Rewards and additional information¶
By default, the goal of each task-generator in CausalWorld is defined as filling up a target shape’s volume as much as the agent could in the specified time limit with the available tool blocks. Thus we can define a natural success metric at each time step in terms of the fractional volumetric overlap between all the tools and the goal shape in the stage, whose values range between 0 (no overlap) and 1 (complete overlap). The magnitude of this term to be added to the reward returned at each time step can be set by the argument fractional_reward_weight, that is being set to 1 by default.
Additionally, a dense reward can be defined for each task-generator that might provide more signal during training to solve the task at hand. We provide dense reward terms for the tasks reaching, pushing, picking and pick-and-place. The contributing weight of each term can be set by reward_weights passed to the task-generator. See the respective task class definitions for details regarding the proposed rewards.
Finally you can turn off these dense reward signals with the help of the activate_sparse_rewards argument during initialization of the task which will return a reward of 1 whenever more than 90 percent of the goal shape are filled and 0 otherwise.
The info dict - by default - contains the keys fractional_success and success defined as above and the keys desired_goal and achieved_goal that might be relevant when training using Hindsight Experience Replay. Additionally you can get a nested dictionary of all current state variables via the key ground_truth_current_state_varibales as well as privileged information in the form of possible solution interventions via the key possible_solution_intervention. For this to be added call the methods add_ground_truth_state_to_info() or expose_potential_partial_solution() respectively.
Defining your own task¶
You’d like to have another task-generator with fancy objects or goal shapes? Define your own task just as shown below!
"""
This tutorial shows you how to create a customized task and use all the
underlying functionalities of CausalWorld as is including reward calculation..etc
"""
from causal_world.envs.causalworld import CausalWorld
from causal_world.task_generators.base_task import BaseTask
import numpy as np
class MyOwnTask(BaseTask):
def __init__(self, **kwargs):
super().__init__(task_name="new_task",
variables_space='space_a_b',
fractional_reward_weight=1,
dense_reward_weights=np.array([]))
self._task_robot_observation_keys = [
"time_left_for_task", "joint_positions", "joint_velocities",
"end_effector_positions"
]
#This is not even needed, it will just be an empty stage
def _set_up_stage_arena(self):
#NOTE: you need to add rigid objects before silhouettes for determinism (pybullet limitation)
creation_dict = {
'name': "tool_block",
'filename': './assets/719.obj',
'initial_position': [0, 0, 0.1]
}
self._stage.add_rigid_mesh_object(**creation_dict)
creation_dict = {
'name': "goal_block",
'filename': './assets/719.obj',
'position': [0, 0, 0.1]
}
self._stage.add_silhoutte_mesh_object(**creation_dict)

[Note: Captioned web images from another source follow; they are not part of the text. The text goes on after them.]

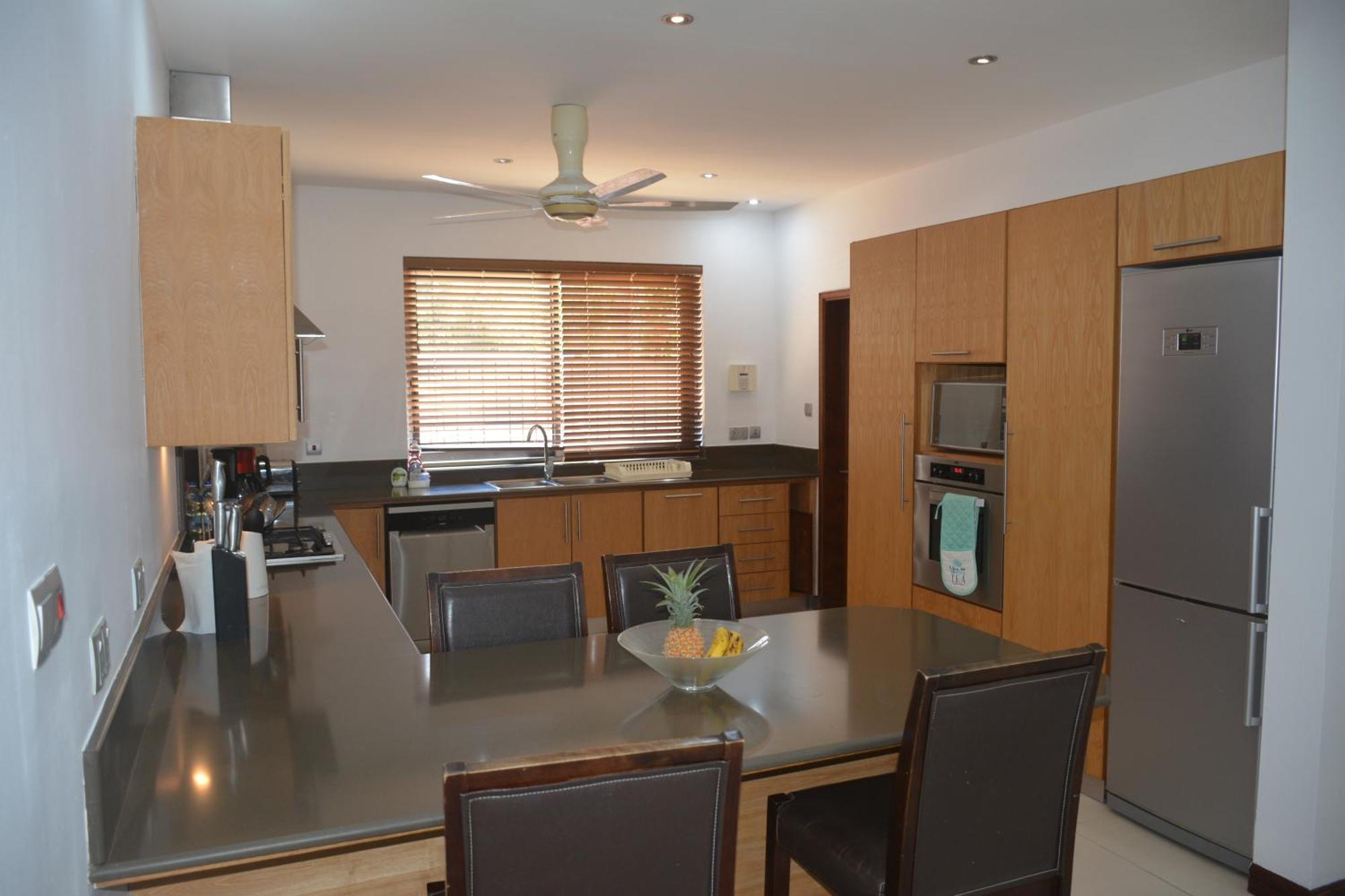 Olana Blue - Beachfront Apartment Riviere Noire Exterior photo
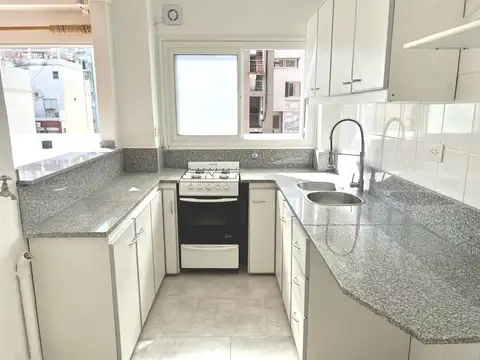 VENTA DEPARTAMENTO TRES AMBIENTES BELGRANO CON COCHERA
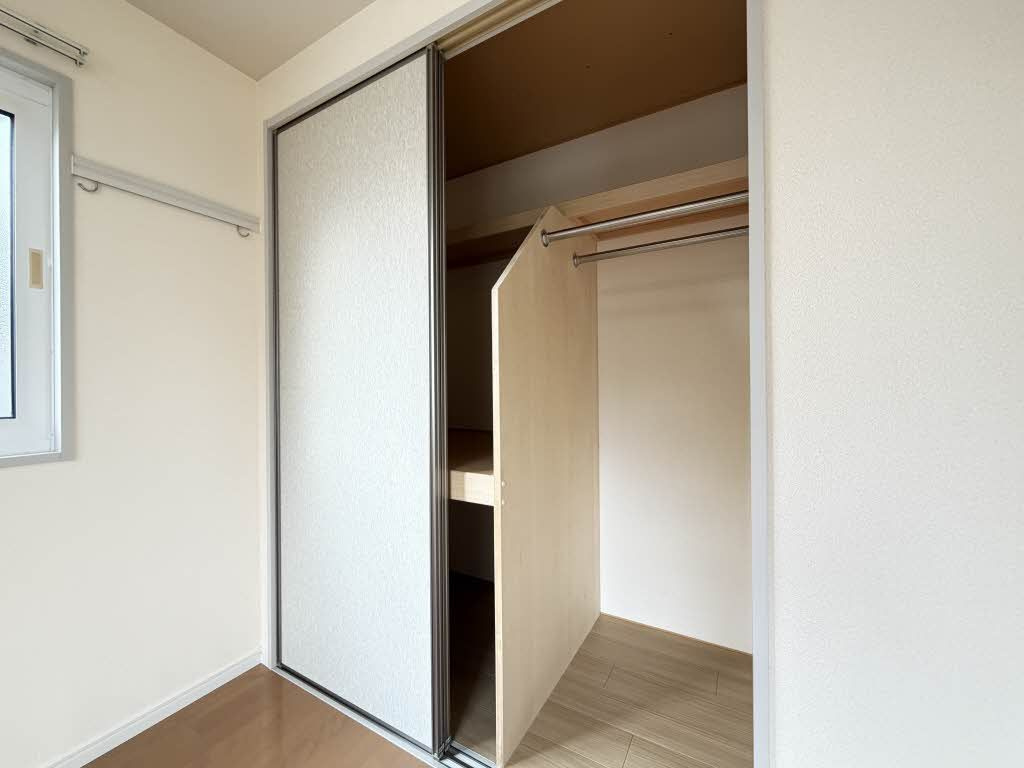 パレス・アザレアＤの収納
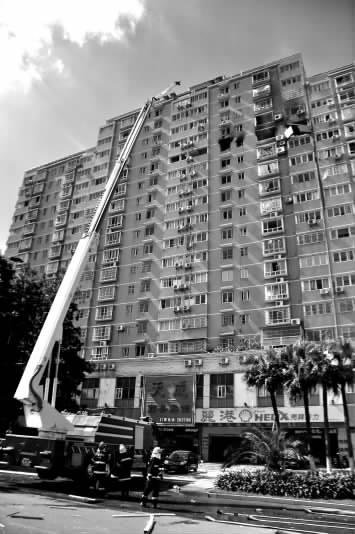 河东路书香园小区住户家爆炸爆炸声疑煤气泄露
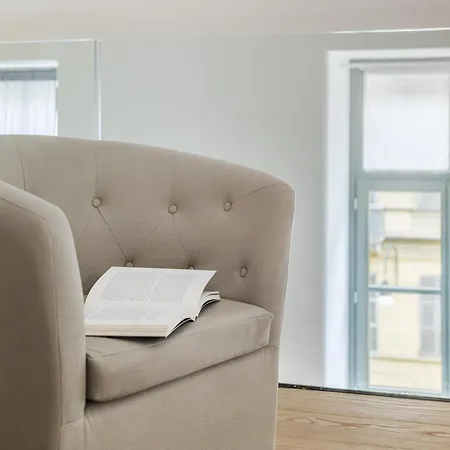 Hostdomus - Loft Lagrange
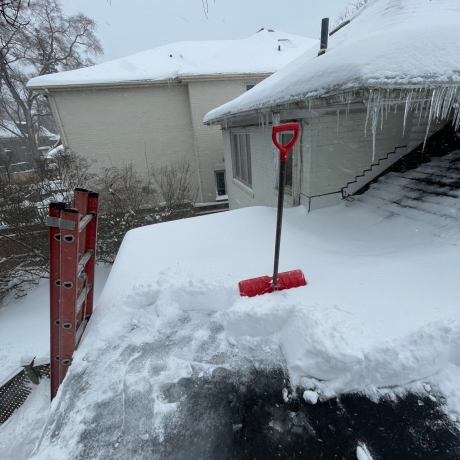 Choose the Right Snow Removal on Roof Companies to Protect Your Home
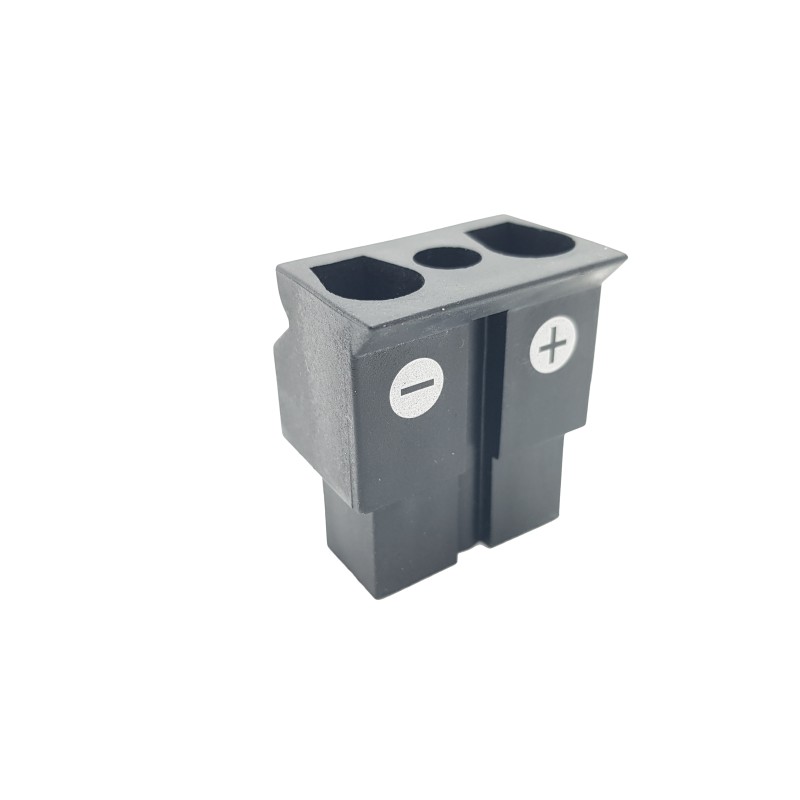 ETON MINI150.4, MINI300.2 Stecker Power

self._task_stage_observation_keys = [
"tool_block_type", "tool_block_size",
"tool_block_cartesian_position", "tool_block_orientation",
"tool_block_linear_velocity", "tool_block_angular_velocity",
"goal_block_type", "goal_block_size",
"goal_block_cylindrical_position", "goal_block_orientation"
]
return
def example():
task = MyOwnTask()
env = CausalWorld(task=task, enable_visualization=True)
env.reset()
for _ in range(2000):
for _ in range(10):
obs, reward, done, info = \
env.step(env.action_space.sample())
random_intervention_dict = env.do_single_random_intervention()
env.close()
if __name__ == '__main__':
example()